A federal judge in Virginia has ruled that the government doesn’t need a warrant in order to hack into your computer.
“FBI agents who exploit a vulnerability in an online network do not violate the Fourth Amendment,” Judge Henry Morgan, Jr. wrote, in his opinion and order for the Eastern District of Virginia.
The ruling on June 23 was one of many involving the FBI’s takeover of the dark web “Playpen” website, which served as a forum for anonymous Tor users to browse and share child pornography. Though the website has few public supporters, the case has been controversial in security and privacy circles.
That’s because the FBI did not immediately shut it down.
Instead, it seized the site and kept it online for a couple of weeks, hacking more than 1,000 computers in the process with what it called a “network investigative technique.” NIT is a government term for what basically amounts to malicious software that will uncover a user’s identity and report back to the host.
The deployment of the NIT — which amounts to government hacking — had been argued as a violation of the Fourth Amendment, which protects against unreasonable search and seizure. The FBI in this case did get a warrant first, but the judge ruled that they didn’t even need that, because, he wrote that users on the internet should have no “objectively reasonable expectation of privacy.”
“The government did not need to obtain a warrant before deploying the NIT and obtaining the Defendant’s IP address in this case,” the judge wrote. “So any potential defects in the warrant or in the issuance of a warrant are immaterial.”
He added that the use of the NIT to capture the defendant’s IP address did not actually count as a search.
That’s a ruling that the Electronic Frontier Foundation called “dangerously flawed,” though it noted that the opinion is not controlling precedent throughout the country.
“The implications for the decision, if upheld, are staggering,” the EFF’s Mark Rumold wrote. “Law enforcement would be free to remotely search and seize information from your computer, without a warrant, without probable cause, or without any suspicion at all.”
Tech Insider discussed the case with Bradley Moss, a national security lawyer, who said the judge threaded the needle narrowly so it would later hold up to scrutiny.
“The judge caveated that conclusion, however,” Moss told TI. “By noting that the NIT only obtained the identifying information (the IP address) and did not cross the line between collecting addressing information and gathering the contents of any suspect’s computer.”

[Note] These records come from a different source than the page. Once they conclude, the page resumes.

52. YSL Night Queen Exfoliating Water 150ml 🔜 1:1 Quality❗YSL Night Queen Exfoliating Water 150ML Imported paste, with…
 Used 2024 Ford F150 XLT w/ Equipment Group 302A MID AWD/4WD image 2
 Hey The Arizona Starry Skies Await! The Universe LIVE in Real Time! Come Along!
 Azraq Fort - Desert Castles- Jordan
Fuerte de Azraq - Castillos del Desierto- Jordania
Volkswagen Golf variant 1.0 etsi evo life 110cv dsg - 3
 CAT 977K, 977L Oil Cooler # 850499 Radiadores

Moss believes the case would hold up if appealed “by the skin of its teeth,” though he brought up a semi-related decision that was decided last year by the Supreme Court. In a ruling in March 2015, the court ruled that a government placing a GPS tracker on you, your car, or your stuff counts as a search that requires a warrant.
Which, it could be argued, is very similar to computer code being placed on your computer in order to track you as well.
“I think the ruling will hold up,” said Moss, but “it’s a practice that should remain subject to vigorous oversight.”